WHERE TO LOOK FOR A BUNNY
There are a lot of great rabbit rescues out there and I think it’s a great thing to rescue as rabbits are one of the most surrendered pets. We decided to go to a breeder being we had no prior rabbit experience and felt this was the best route for us.
THINGS TO LOOK FOR IN A BREEDER
Obviously you’ll want to know what bunny breed you want. Also important is making sure the rabbits are raised with dogs (if you have dogs) and have been used to being around kids and people. Rabbits are animals of prey so they are naturally very skittish. Our breeder raised Snowball with their boxers and from day 1 he’s had zero fear of dogs! You also want to make sure they have started the potty training process.
HOW TO POTTY TRAIN
This is hands down the #1 question I get. “Is he really 100% housebroken?” And the answer is yes he’s 100% housebroken. I am finding that most people don’t realize how to train a house rabbit to be housebroken. Snowball had started his potty training when we got him but let me tell you he was not housebroken when he came home. We realized this very quickly. It took us 2 solid weeks to train him but once we did he’s had zero accidents. Not even kidding. We just passed his 1 year Gotcha Day.
To start you’ll want to limit their freedom. We used a x-pen shown above. Inside we kept his potty and hay basket. Bunnies potty where they eat. As they eat hay they actually go to the bathroom which makes it pretty easy to train them. We tried several potties out but the standard cat litter box worked for us. Erik uses a small plastic basket and zip ties it on to put his hay in. I just personally feel this is more sanitary. So we basically just kept him in the x-pen with his potty in there.
If he would have an accident we just picked up the little pellets and put them inside the potty box so he would see where his pellets should go.
After a few days we opened the x-pen door and gated off about 1/2 the room. We still left the potty inside the x-pen and little by little he caught on that he should go back into the x-pen to do his business.
Once he mastered that we gave him a full room with the potty still inside the x-pen.
Clearly no one wants to see an exposed potty box in their house right? We bought this outhouse which looks like furniture and added this in once he mastered the steps above. We put the outhouse inside the x-pen (where his potty always was) and put the potty inside. Once we were able to master this we took away the x-pen and now he just uses the outhouse to do his business. He can be anywhere in the house now and he still knows where to go to the bathroom.

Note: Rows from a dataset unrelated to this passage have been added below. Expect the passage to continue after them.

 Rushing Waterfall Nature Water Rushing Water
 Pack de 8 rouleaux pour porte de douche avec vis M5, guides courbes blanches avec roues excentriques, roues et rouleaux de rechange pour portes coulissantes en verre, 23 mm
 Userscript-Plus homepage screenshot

While on this subject I just want to say we tried several litter brands but love this one the most. It gives off zero smell, mess free, and has no harmful dust chemicals that your bunny can ingest. We change out his potty every other day.
If you are strict with the above steps and limit their freedom but increase slowly you can hopefully train your rabbit within a few weeks. The above shows what his setup is like now. You just need some self discipline and restriction early on if you want to know how to train a house rabbit.
WHAT TO FEED YOUR RABBIT
Baby bunnies under the age of 1 will have a slightly different diet so consult with your breeder or place of rescue first. But we feed Snowball a full dessert plate full of fresh, organic greens in the morning and at dinner. At bedtime he gets a 1/4 cup of this kibble. He has access to this Timothy hay 24/7. Heads up that you’ll be refilling hay throughout the day as they eat A LOT of hay! It makes up the majority of their diet. We buy this brand and store in sealed tight containers and it lasts us about 4 months.

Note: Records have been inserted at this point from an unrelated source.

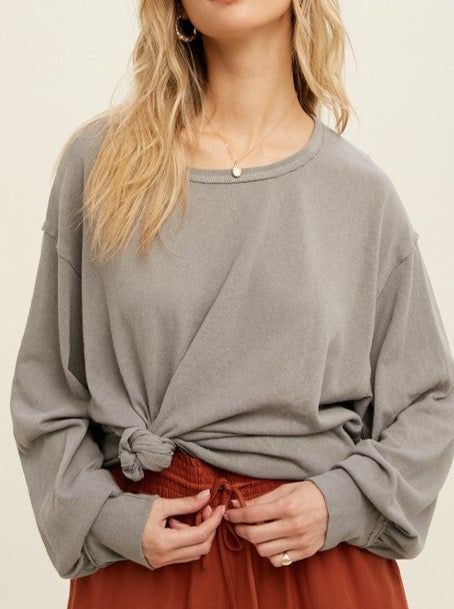 Gillian Grey Knit Top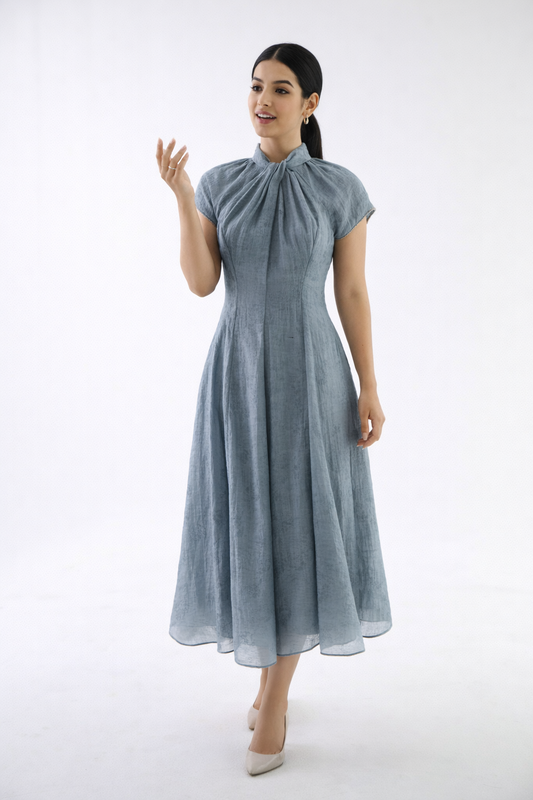 Elegant Gathered Neck Midi Dress with Crystal Trim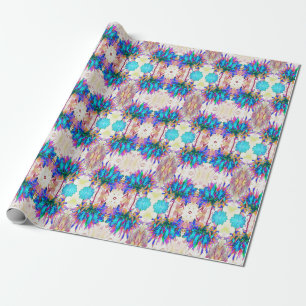 Stunning Watercolor Rainbow Cactus Dahlia Wrapping Paper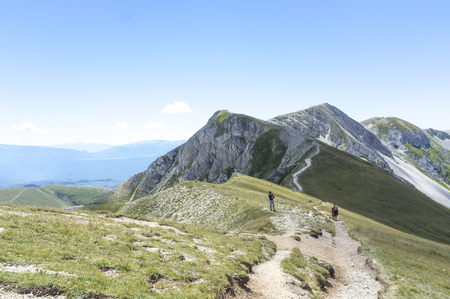 mountain trail with walkers.のeditorial素材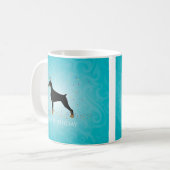 Doberman Pinscher Happy Birthday Design Kaffeetasse (Vorderseite Links)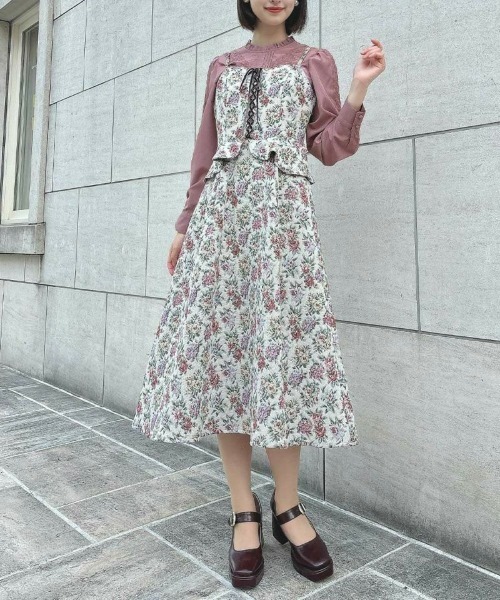 an another angelus（アンアナザーアンジェラス）の「フロントレースアップゴブランキャミワンピース（ワンピース・レディース・ホワイト×ピンク/ピンク×イエロー・FREE）」の6枚目の写真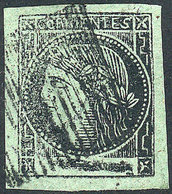 ARGENTINA: GJ.4, Yellow-green, Superb Example With Mute "square Of 16 Bars" Cancel Of Corrientes, VF!" - Corrientes (1856-1880)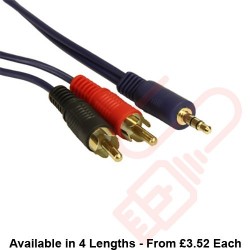 3.5mm Stereo Male to 2 RCA Audio Cables Dark Blue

I try to change his greens every few days. I rotate in dandelion greens, cilantro, basil, romaine lettuce and red leaf lettuce. You just have to watch the oxalates in some greens.
Treats we feed a few blueberries, banana slices or apple slices a day. I also give him 1 bale of this with his kibble at bedtime.
As for water, we use a standard ceramic bowl for him to drink out of. They tip bowls often so you’ll want to use one that is heavier. I am not a personal fan of water bottles.
WHERE TO HAVE YOUR BUNNY SLEEP
Snowball is 99% free roam meaning he has free run of our house except for when he sleeps and we are gone for long hours. Bunnies are most active at night so you want to make sure they have plenty of room to stretch out and play while you are sleeping. We do not let him have free run at night in case there was a fire and we needed to grab him or if he got into anything like wires (more on that later).
We bought this 2 story hutch that we keep upstairs in my home office. Early on we only gave him the bottom floor with his potty to make sure he understood he should potty in there. We use his same potty container. We just carry it upstairs at night into his two floor hutch. He actually follows me up to bed at night as he knows when he goes into the hutch he will get his 1/4 cup of kibble and hay bale to chew on. When we wake up in the morning we take him right out and he is free roam till bedtime.
If we leave for long hours we will just baby gate him into our family room where his potty house is.
OTHER IMPORTANT FAQS
WIRES – Yes! Rabbits will chew wires. He definitely chewed wires and furniture more as a baby but you will want to bunny proof. You can buy cord covers but you’ll also want to raise any wire cords in rooms where your bunny will often be. As for furniture, we use clear tape on any wood legs that we find he is attracted to. He rarely will chew now but on occasion has eaten a few fingers off of Summer’s Barbie dolls and torn up a few of her plastic bracelets!
GROOMING – You never give a bunny a bath. They will groom themselves but you will need to get their nails trimmed every 5-6 weeks.
SOCIALIZATION – You have to keep socialization at the forefront if you want to know how to train a house rabbit. Bunnies are not dogs. I feel like they are more like cats as they are very independent and kind of do their own thing. Obviously the more you expose them to from a young age the more adaptable they will be. He was slowly introduced to our dogs and has no fear of them. He is used to kids and loves to be held as we would hold him a lot as a baby. It did take him almost 9 months before he would give out any kisses though!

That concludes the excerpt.